RAG Pipeline¶
Latent provides a modular Retrieval-Augmented Generation pipeline with pluggable backends, embedding providers, adaptive retrieval patterns, and config-driven composition.
Installation¶
pip install "latent[rag]" # Core: ChromaDB, BM25, hybrid
pip install "latent[rag-voyage]" # Voyage AI embeddings
pip install "latent[rag-bedrock]" # AWS Bedrock embeddings
pip install "latent[rag-reranker]" # CrossEncoder reranking
pip install "latent[optimizers]" # Optuna for RAGResearchAgent Phase 1
Architecture¶
Documents
|
v
MarkdownChunker --> DocumentChunk[]
|
v
EmbeddingProvider --> vectors
|
v
+---------+----------+---------+
| Chroma | BM25 | Hybrid | <-- retrieval backends
+---------+----------+---------+
|
v
[optional] QueryRewriter / HyDE
[optional] CrossEncoder / LLM Reranker
[optional] CorrectiveRetriever (CRAG)
[optional] ConfidenceGate (L-RAG)
[optional] CachedRetriever
|
v
RetrievedChunk[]
The pipeline is layered:
- Chunking --
MarkdownChunkersplits documents on headers with section path tracking. - Embedding -- Pluggable providers (OpenAI, Voyage, Bedrock, LiteLLM, SentenceTransformers).
- Retrieval -- Vector (
ChromaRetriever), keyword (BM25Retriever), or fused (HybridRetriever). - Adaptive layers -- Query expansion, reranking, corrective retrieval, confidence gating, caching.
Data Models¶
All retrievers share two core models from latent.rag.models:
from latent.rag import DocumentChunk, RetrievedChunk
# For indexing
chunk = DocumentChunk(
id=DocumentChunk.content_id("some text"), # SHA-256 of content
content="some text",
source="docs/guide.md",
section_path="Getting Started > Installation",
metadata={"language": "en"},
)
# Returned from search
result = RetrievedChunk(
id="abc123",
content="some text",
source="docs/guide.md",
section_path="Getting Started > Installation",
score=0.87,
metadata={},
)
Retrieval Backends¶
ChromaRetriever¶
Persistent vector search backed by ChromaDB.

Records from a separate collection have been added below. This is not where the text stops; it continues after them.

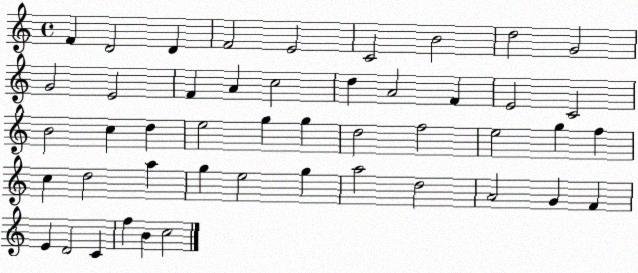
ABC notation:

X:1
T:Untitled
M:4/4
L:1/4
K:C
F D2 D F2 E2 C2 B2 d2 G2 G2 E2 F A c2 d A2 F E2 C2 B2 c d e2 g g d2 f2 e2 g f c d2 a g e2 g a2 d2 A2 G F E D2 C f B c2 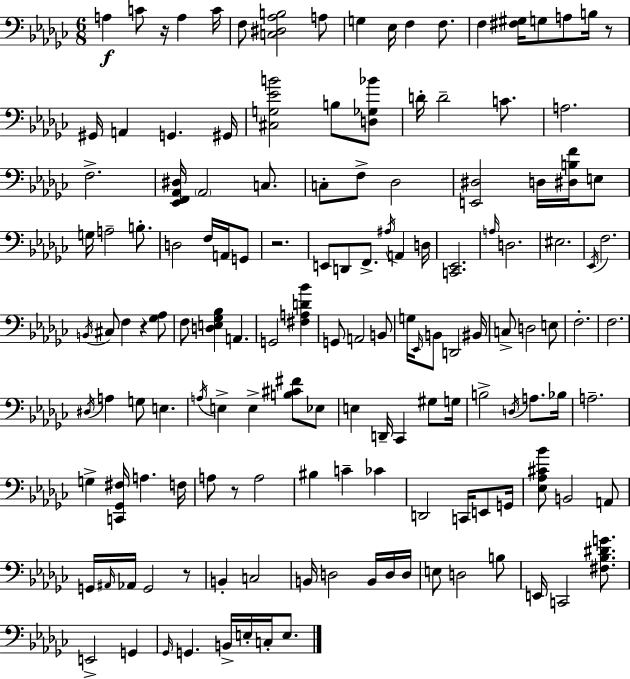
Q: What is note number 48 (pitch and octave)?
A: Eb2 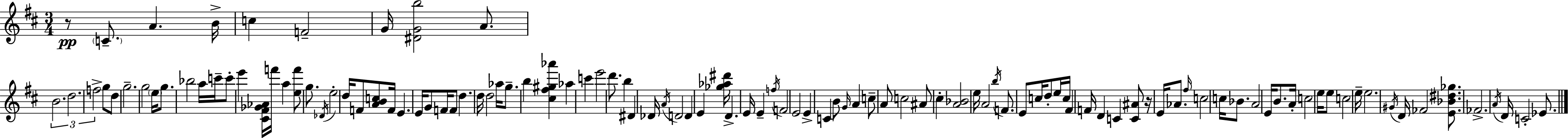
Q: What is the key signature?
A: D major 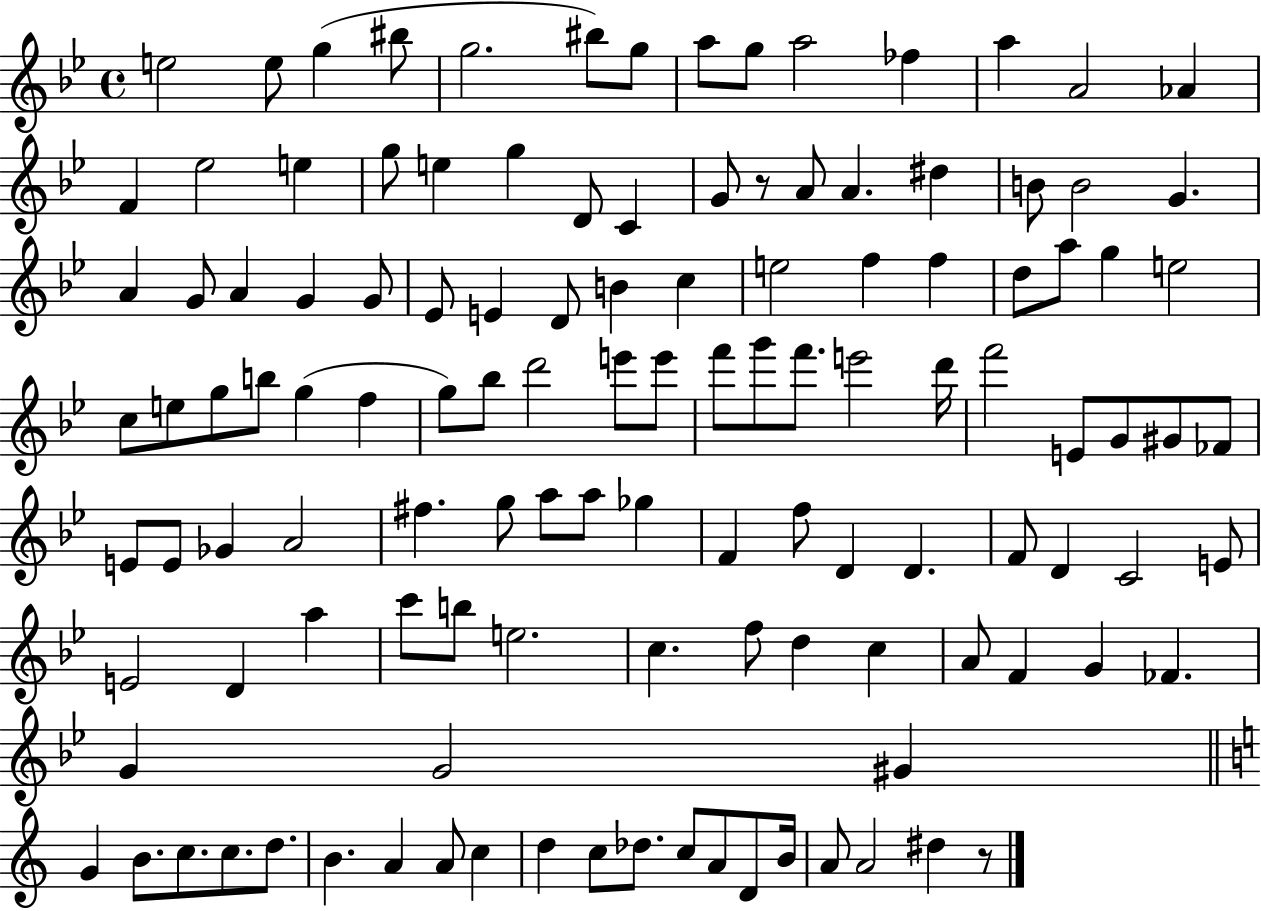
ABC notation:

X:1
T:Untitled
M:4/4
L:1/4
K:Bb
e2 e/2 g ^b/2 g2 ^b/2 g/2 a/2 g/2 a2 _f a A2 _A F _e2 e g/2 e g D/2 C G/2 z/2 A/2 A ^d B/2 B2 G A G/2 A G G/2 _E/2 E D/2 B c e2 f f d/2 a/2 g e2 c/2 e/2 g/2 b/2 g f g/2 _b/2 d'2 e'/2 e'/2 f'/2 g'/2 f'/2 e'2 d'/4 f'2 E/2 G/2 ^G/2 _F/2 E/2 E/2 _G A2 ^f g/2 a/2 a/2 _g F f/2 D D F/2 D C2 E/2 E2 D a c'/2 b/2 e2 c f/2 d c A/2 F G _F G G2 ^G G B/2 c/2 c/2 d/2 B A A/2 c d c/2 _d/2 c/2 A/2 D/2 B/4 A/2 A2 ^d z/2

from latent.rag import ChromaRetriever
retriever = ChromaRetriever(
collection_name="knowledge",
persist_directory="./chroma_db",
embedding_provider="openai",
embedding_model="text-embedding-3-small",
distance_fn="cosine", # "cosine", "l2", or "ip"
)
# Index
retriever.add_texts(["Document one", "Document two"])
retriever.add_chunks([chunk1, chunk2]) # pre-built DocumentChunks
# Search
results = retriever.search("query", k=5)
results = retriever.search_with_threshold("query", k=5, threshold=0.7)

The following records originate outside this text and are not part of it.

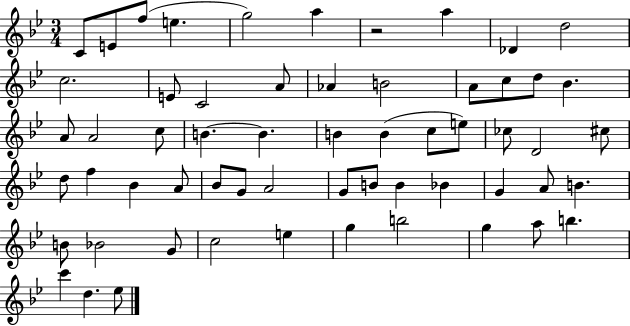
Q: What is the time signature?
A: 3/4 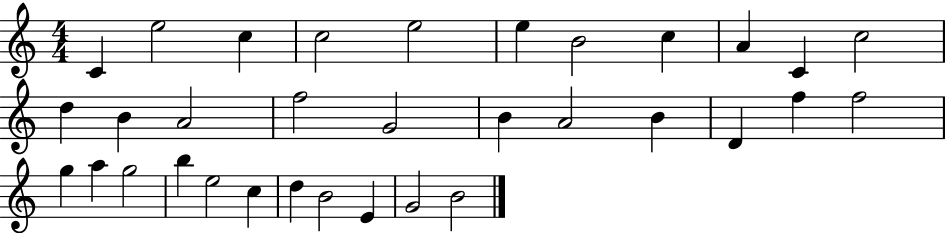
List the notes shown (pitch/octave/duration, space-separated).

C4/q E5/h C5/q C5/h E5/h E5/q B4/h C5/q A4/q C4/q C5/h D5/q B4/q A4/h F5/h G4/h B4/q A4/h B4/q D4/q F5/q F5/h G5/q A5/q G5/h B5/q E5/h C5/q D5/q B4/h E4/q G4/h B4/h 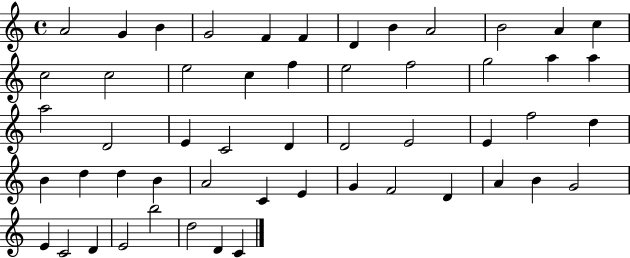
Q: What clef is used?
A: treble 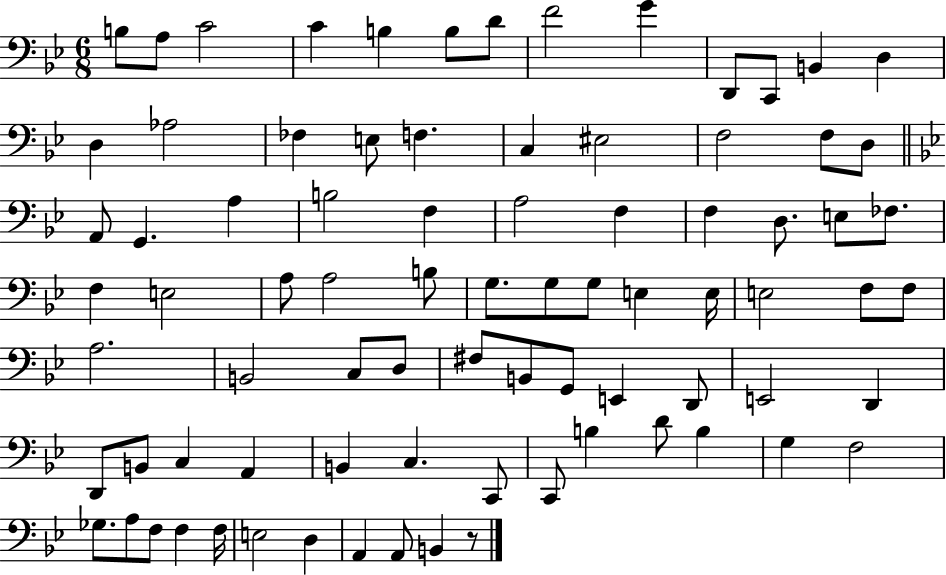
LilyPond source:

{
  \clef bass
  \numericTimeSignature
  \time 6/8
  \key bes \major
  b8 a8 c'2 | c'4 b4 b8 d'8 | f'2 g'4 | d,8 c,8 b,4 d4 | \break d4 aes2 | fes4 e8 f4. | c4 eis2 | f2 f8 d8 | \break \bar "||" \break \key bes \major a,8 g,4. a4 | b2 f4 | a2 f4 | f4 d8. e8 fes8. | \break f4 e2 | a8 a2 b8 | g8. g8 g8 e4 e16 | e2 f8 f8 | \break a2. | b,2 c8 d8 | fis8 b,8 g,8 e,4 d,8 | e,2 d,4 | \break d,8 b,8 c4 a,4 | b,4 c4. c,8 | c,8 b4 d'8 b4 | g4 f2 | \break ges8. a8 f8 f4 f16 | e2 d4 | a,4 a,8 b,4 r8 | \bar "|."
} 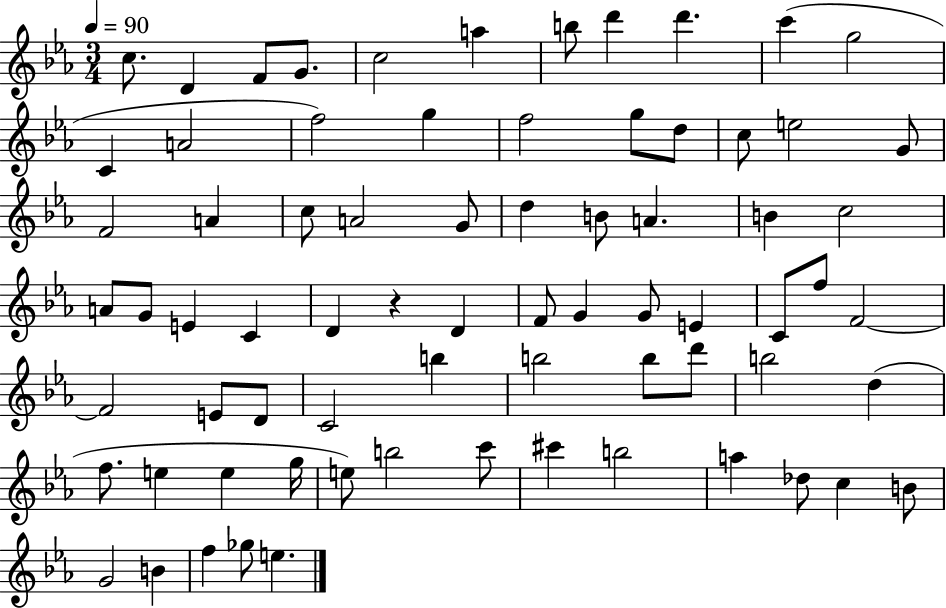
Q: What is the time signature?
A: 3/4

results = retriever.search_multi(["query v1", "query v2"], k=5)
Embeddings are batched in groups of 32 to stay within token limits. Content-based SHA-256 IDs enable automatic deduplication on upsert.
BM25Retriever¶
Keyword retrieval using BM25Okapi from rank-bm25.

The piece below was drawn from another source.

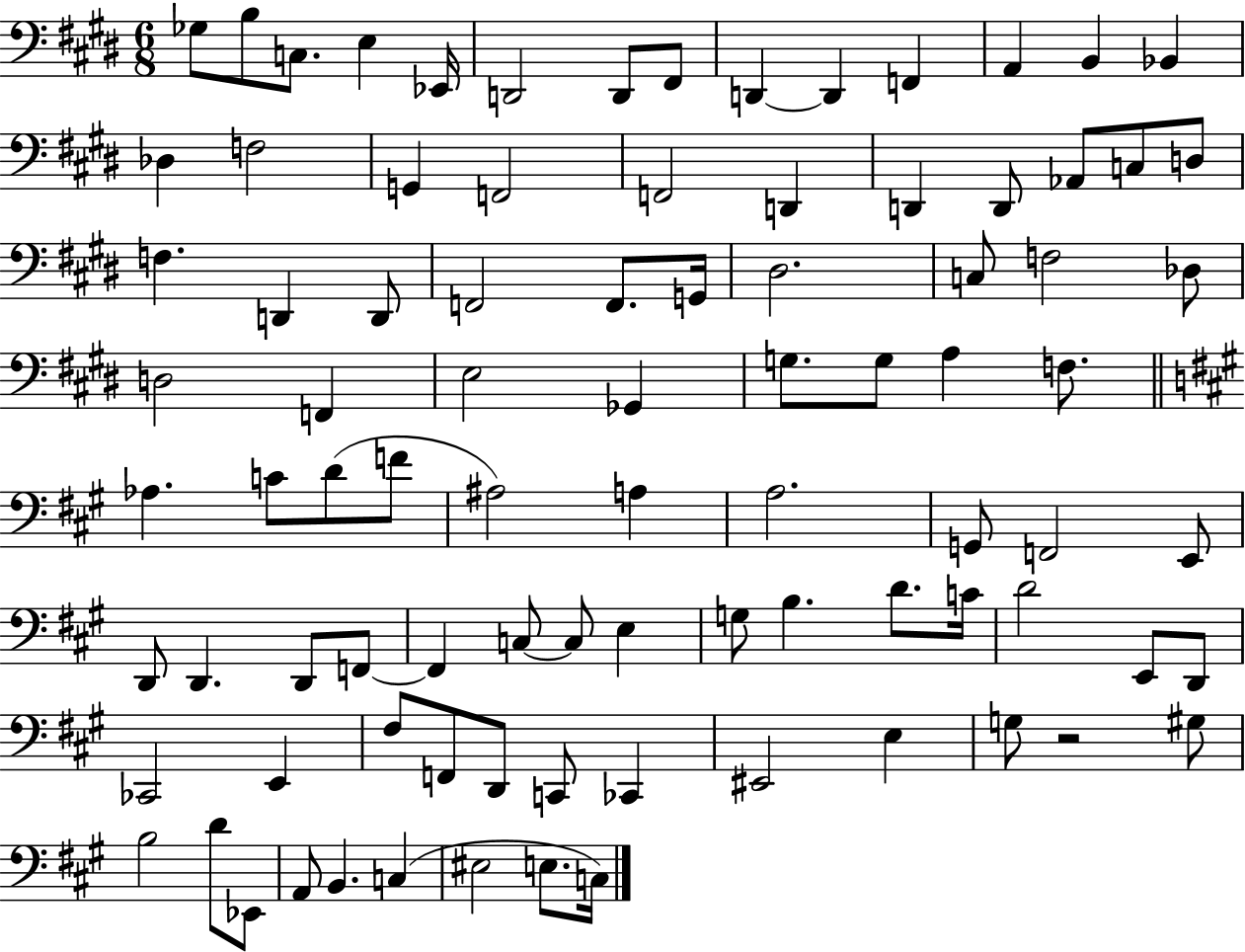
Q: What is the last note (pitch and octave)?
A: C3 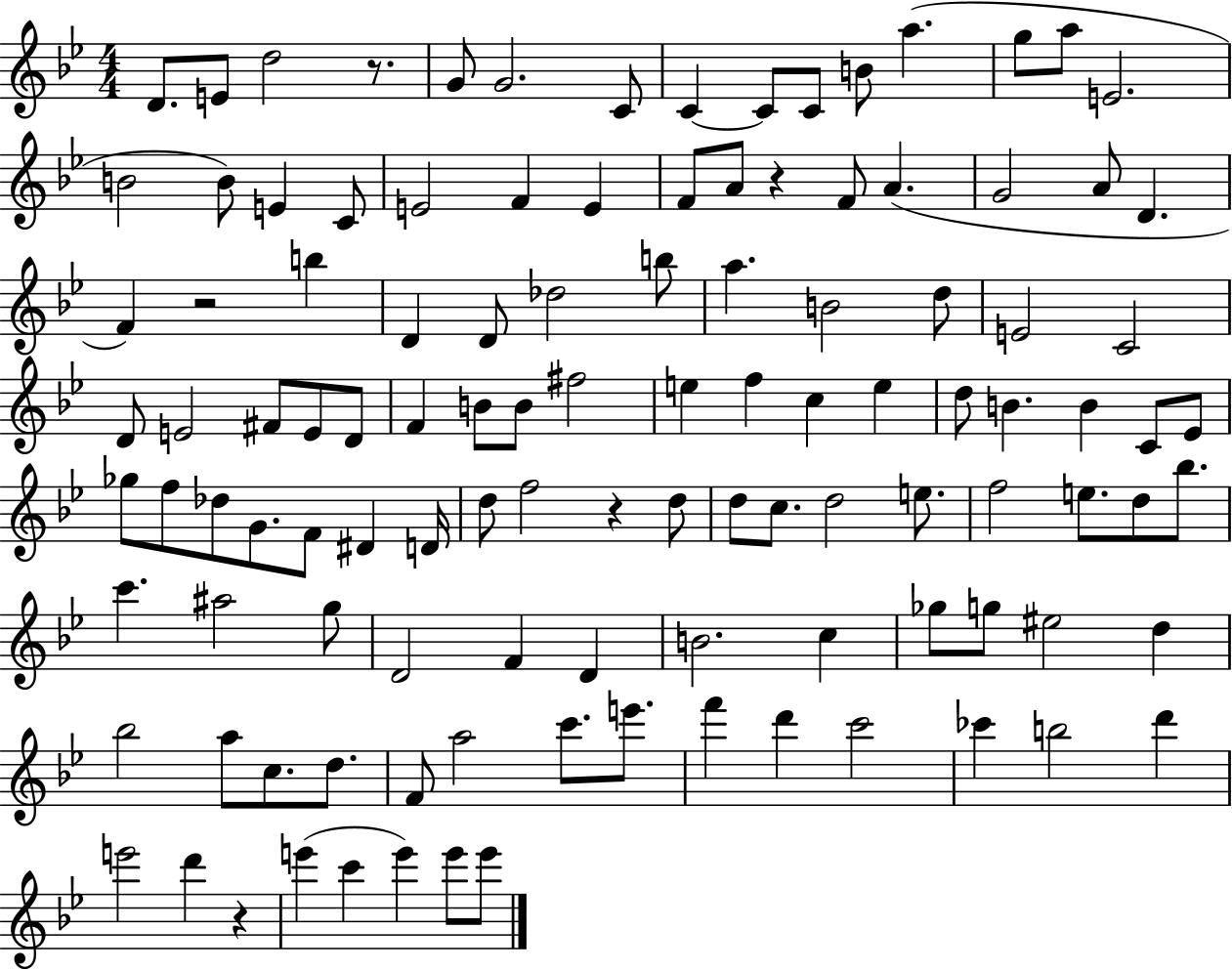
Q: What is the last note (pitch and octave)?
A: E6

from latent.rag import BM25Retriever
retriever = BM25Retriever(k1=1.5, b=0.75)
retriever.index(chunks) # list[DocumentChunk]
results = retriever.search("exact phrase match", k=10)
Hebrew tokenization
Pass a language-aware tokenizer for morphologically rich languages:
The Hebrew tokenizer strips prefix particles and uses stanza for morphological
analysis when available, falling back to rule-based stripping.
HybridRetriever¶
Combines semantic and keyword search using Reciprocal Rank Fusion (RRF).
from latent.rag import ChromaRetriever, HybridRetriever
chroma = ChromaRetriever(
embedding_provider="voyage",
embedding_model="voyage-3",
)
hybrid = HybridRetriever(
chroma=chroma,
alpha=0.7, # semantic weight (0.0 = pure BM25, 1.0 = pure vector)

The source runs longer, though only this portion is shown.